各国代表 2022.11.11

W杯王者・南アフリカを迎え撃つフランス、先発メンバーは前週から不動。

[ 福本美由紀 ]
W杯王者・南アフリカを迎え撃つフランス、先発メンバーは前週から不動。
第一子誕生でモチベーション高いジョナタン・ダンティー(Photo: Getty Images)


 11月12日(現地時間)に南アフリカを迎え撃つフランス代表のメンバーが発表された。

 先週はオーストラリアのキックを多用する戦術に驚かされ、またSHアントワンヌ・デュポンをオーストラリアのプレッシャーから守ることができず、内容ではオーストラリアが勝ってもおかしくない試合だったと言われているが、『フィニッシャー』と呼ぶベンチスタートの選手にPRレダ・ワーディーとLOバスチャン・シャリュローが新たにメンバーに入った他は不動のメンバー構成となった。

■11月の日本代表戦はWOWOWで! 12日イングランド戦&20日フランス戦を生中継!■
世界トップ10が参戦「オータム・ネーションズシリーズ」全21試合を放送・ライブ配信

 「先週の試合での選手たちの行動に満足している。難しい試合だったがオーストラリアに勝つことができた。同じメンバーで世界チャンピオンと対戦することにした」とファビアン・ガルチエ ヘッドコーチ(以下HC)は述べた。

 今週水曜日未明にCTBジョナタン・ダンティーが父親になった。そのため今週はチームの練習には参加しておらず、試合前日練習でチームに合流する。

 「ジョー(ダンティー)は合宿の第1週と第2週に参加し、CTBガエル・フィクーと組んで練習をしてきたし、オーストラリア戦でも80分プレーした。オーストラリアの最後のボールをジャッカルした後、車に飛び乗りラ・ロシェルのパートナーの元に駆けつけ、無事に第一子が誕生しその後も妻子に付き添っていたが、(試合会場である)マルセイユでチームに合流してキャプテンズランに参加して、世界チャンピオンと対戦すると本人が決心した。私自身も2001年に同じ経験をしている。オーストラリアとの試合の翌日に息子が生まれ、3日間パリにいる家族と一緒に過ごした後、サンテチエンヌでチームに合流してフィジー戦に出場した。初めての子を授かり父になる。こういう時は信じられないパワーが湧いてきて、それがチームの大きな力となる」とガルチエHCは自身の体験談も交えて選考理由を語った。

 今回、初キャップとなるLOバスチャン・シャリュローはそのフィジカルの強さとアグレッシブさで昨季のモンペリエの優勝に大きく貢献しており、LOロマン・タオフィフェヌアと同じくフィジカルバトル系の選手だ。オーストラリア戦ではモールで劣勢になる場面も見られ、今週はタオフィフェヌアが先発に入るのではと予想するメディアもあったが、今回もカメロン・ウォキとチボー・フラマンを選んだ。

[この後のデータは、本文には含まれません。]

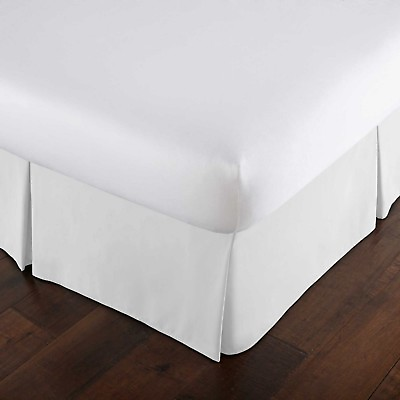 #ad High Quality 15 inch Drop Classic Pleated Bedskirt Microfiber 18 colors $22.99
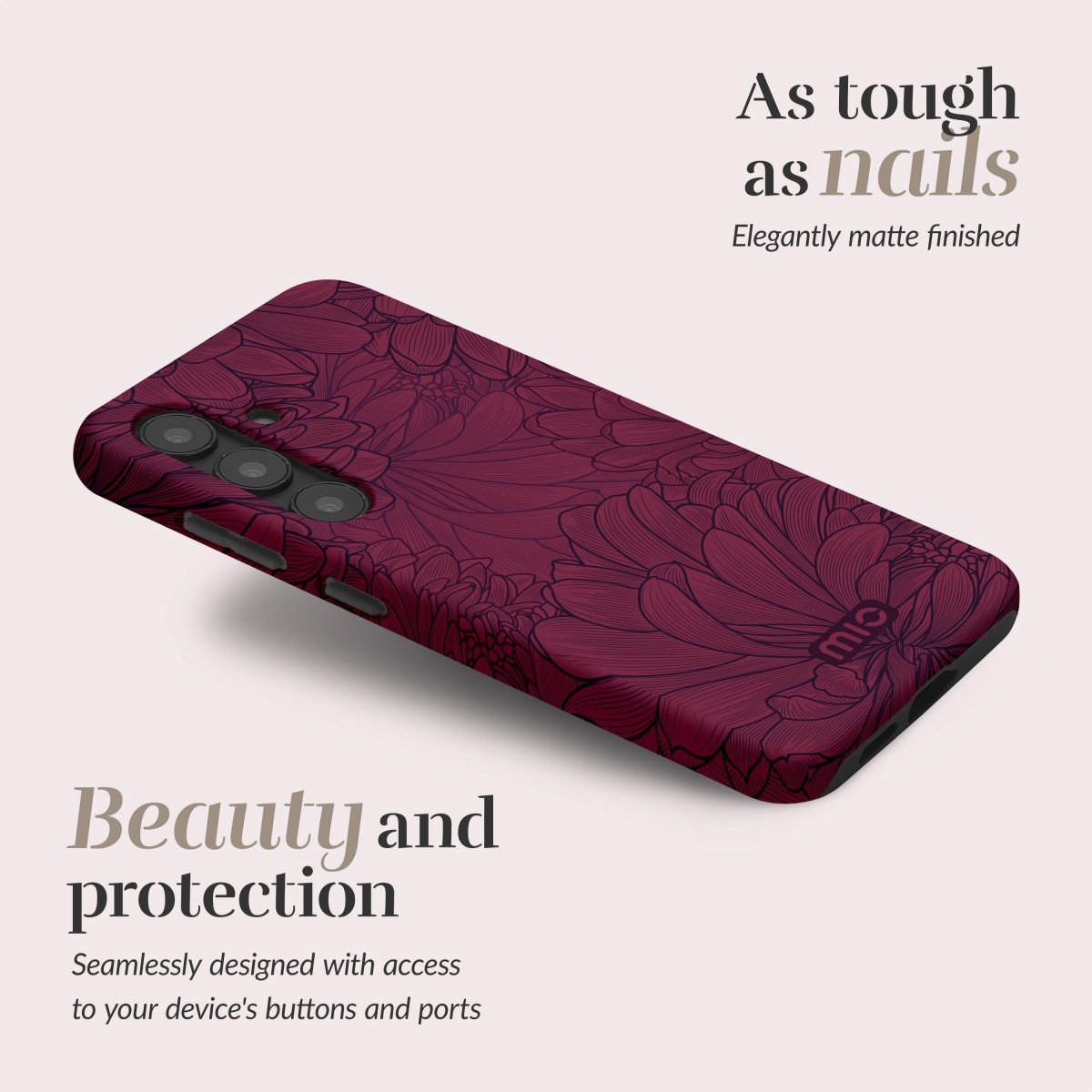 Mio By Mobilize Mio Berry Blooms Magsafe Compatible For Samsung S25 Ultra 5G - 123TelecomShop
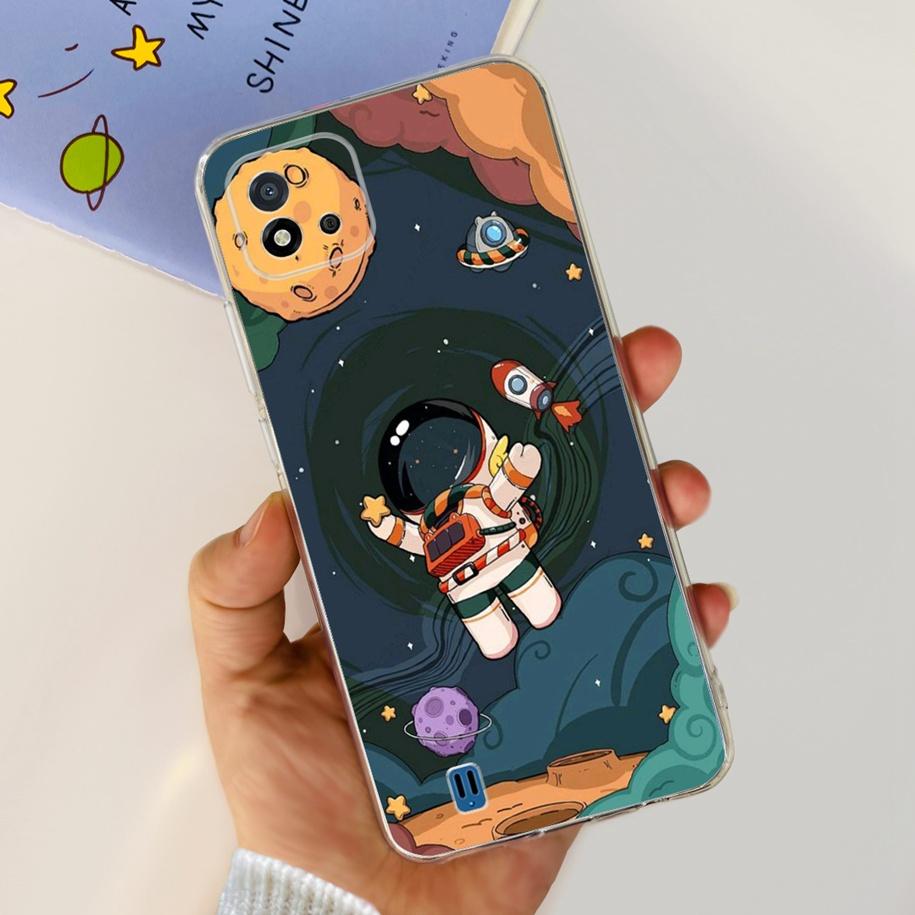 For Cover Realme C11 2021 Case Fashion Marble Love Heart Silicone Soft TPU Phone Back Cover For Realme C11 RMX2185 C20 C20A Capa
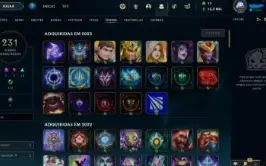 Conta de league of legends
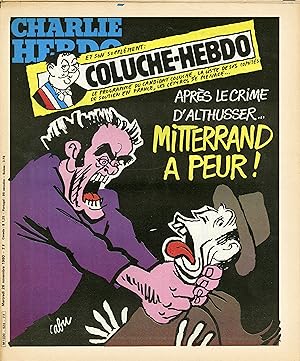 "CHARLIE HEBDO N°524 du 26/11/1980" CABU : MITTERRAND A PEUR ! / WOLINSKI : COLUCHE, NOUS VOILA !...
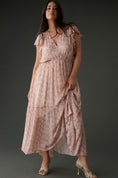 Load image into Gallery viewer, By Anthropologie V-Neck Flutter-Sleeve Dress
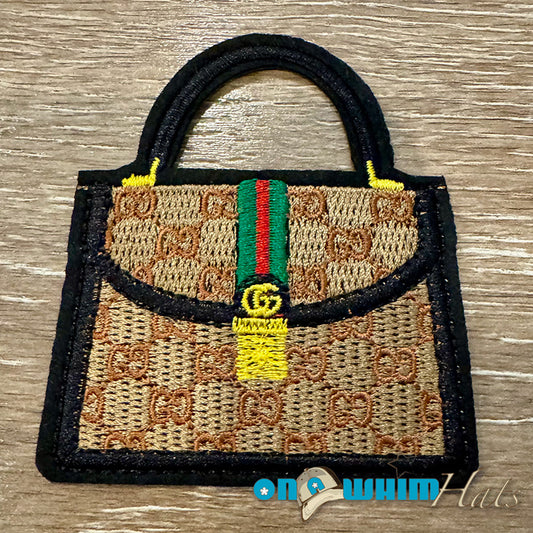 Designer Inspired Gucci Bag Iron-On Patch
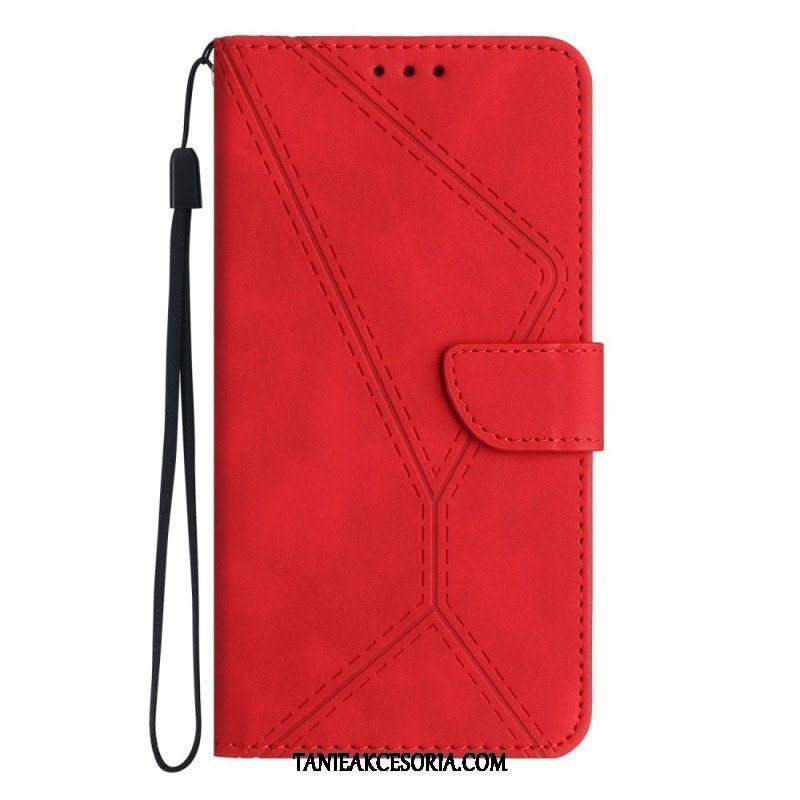 Etui Folio do Huawei P60 Pro Linia Z Efektem Skóry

 「シャリュローはモンペリエに移籍して2年で変わった。代表チームに呼ばれるレベルの選手になり、ジャージーを掴み取った。先週の試合前のウォーミングアップでキリアン・ジェラシが膝を傷めて欠場となり、FW6人+BK2人のベンチ構成を急遽5+3に変更したが、彼がいることによってベンチを6+2にできる。またウォキはフランカーもできるし、フラマンは左右どちらでもプレーでき、試合の状況に合わせてオプションを持てる。屈強なフロント5(FWの1列と2列)でスタートして、屈強なフロント5で試合をフィニッシュすることが目的だ」とレ・ブルーの名将は述べる。

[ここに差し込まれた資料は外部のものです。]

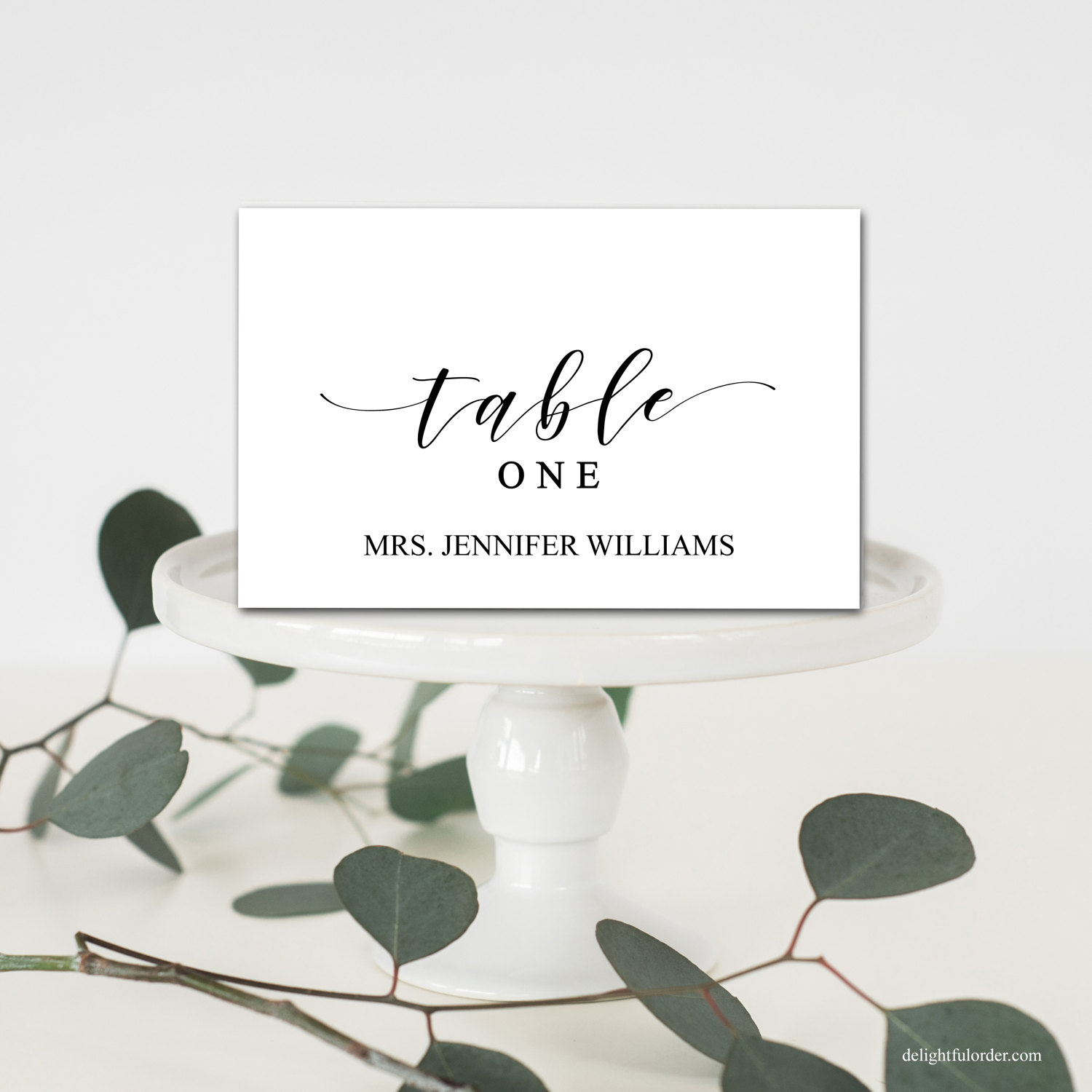 Editable Wedding Table Place Cards, Tent Fold Table Setting Name Cards,  Wedding Table Place Setting, Template, Diy Wedding, Pdf, Printable Pertaining To Place Card Setting Template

 「先週のロマン・ンタマックのパフォーマンスから試合の感覚が戻っていないことが感じられたが、マチュー・ジャリベールをスターティングにすることはオプションとしてないのか」という質問に対しては、「もちろん、それもひとつのオプション。ジャリベールは後半出場で決定力と絶対に勝つという強い意志をチームに与え、落ち着いてゲームコントロールし、チームを勝利に導いた。ンタマックは負傷からの復帰戦だったが、我々が期待していた通り、チームが難しい状況の中でもタフなゲームをしてくれた。このチームの扉は開かれていて、いろいろな選手がジャージーを掴み取りにくることができる。しかし、これまでの集団で積み重ねてきた経験値も重要視している。チームの統一感がこのチームの力になっているから」という回答にポジションごとの序列が明確になってきていることが見て取れる。

 「このチームが最初に集合した2020年シックスネーションズの準備合宿の時に、南アフリカチームのドキュメンタリー映画『チェイシング・ザ・サン』を全員で見た。ラシー・エラスマスを中心にチームが再建されていくところから世界チャンピオンのタイトルを獲得するまでの素晴らしいストーリーで、彼らは全てのチームが夢見ている世界チャンピオンになるということを実現した。それから3年たち、土曜日に我々が対戦するスコッドには、数人の新しい選手も入っているが、その頃のメンバーがほぼ全員残っている。レガシーを分かち合い、スプリングボックスのジャージーを着て闘う誇りを分かち合っている。
 エラスマスはスプリングボックスが彼らのDNAで、彼ら本来の力で再びプレーできるようにした。どんな状況でも、ボールを持っていようがいまいが関係なく常に前身する。ラッシュディフェンスで試合開始から80分まで対戦相手に飛び掛かってくる。この執拗な攻撃があるから彼らは世界チャンピオンになれた。彼らは素晴らしいラグビー選手であり、素晴らしい戦士だ。しかし我々は彼らに挑む準備ができている」と、南アフリカチームを称えながらも戦いの準備はできていることを伝えてガルチエHCは会見を締めくくった。